Have you recently adopted a baby snake or lizard? Congratulations! It’s important to remember that reptiles are essentially wild animals. Even those who have been bred in captivity really aren’t entirely domesticated. Some, however, tend to be more friendly than others are. Of course, it’s much easier to make friends with a baby reptile than with an adult. Here, a Pasadena, MD vet discusses befriending a reptile.

Making Friends

While it’s often advised to handle lizards frequently and gently, there are some caveats here. You really want to get your little buddy used to you before you try to hold him. The best way to do that? First, give your pet lots of time to settle in before you try to handle him. Talking to your reptile can also help get him used to you. Offering him treats will also help, though you may not want to hand-feed your pet. For one thing, many reptiles eat things like worms and bugs, which many people, understandably, don’t care to hold. With bigger reptiles, this also puts you at risk of being bitten. You can use tongs to give your reptilian pal treats. After a few weeks of this, you may notice your pet seeking you out.

Understanding Signs of Fear

Reptiles can show fear in many ways. Some will defecate, others will try to hide, and some will bite. Some lizards just freeze in place, which can be mistaken for calmness. If you see signs of fear in your reptilian pal, give him some space.
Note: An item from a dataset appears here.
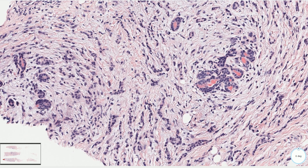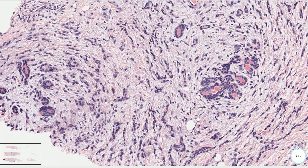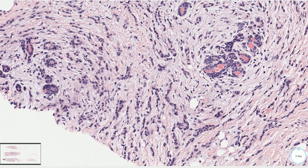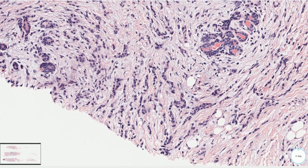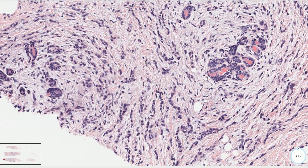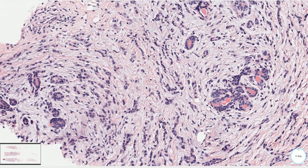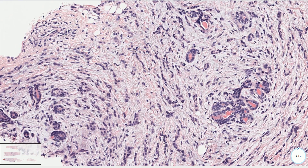In lobular carcinoma, the typical single-file pattern morphology can be explained by loss of cellular adhesion molecules. These cells do not stick together anymore and they spread in between the collagen fibers where there is no resistance or lower resistance. The reason for similar morphology in tubulolobular carcinoma is not very clear.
Are Reptiles Affectionate?

Reptiles aren’t necessarily cuddly, but some seem to like being held and petted. Snakes often like warm, dark places, so some won’t mind curling up inside your shirt. Turtles and tortoises sometimes like their tummies (the underside of their plastron) rubbed. Others like having their jaws and heads scratched.

Signs of Progress

Reptiles don’t purr or wag their tails, so it isn’t always easy to tell how they feel. However, if your pet doesn’t hiss, bite, run away from you, or actively try to avoid you, you’re on the right path. Keep giving your scaled buddy treats and space. Before long, your pet may start to relax while you hold it, and may even fall asleep on you.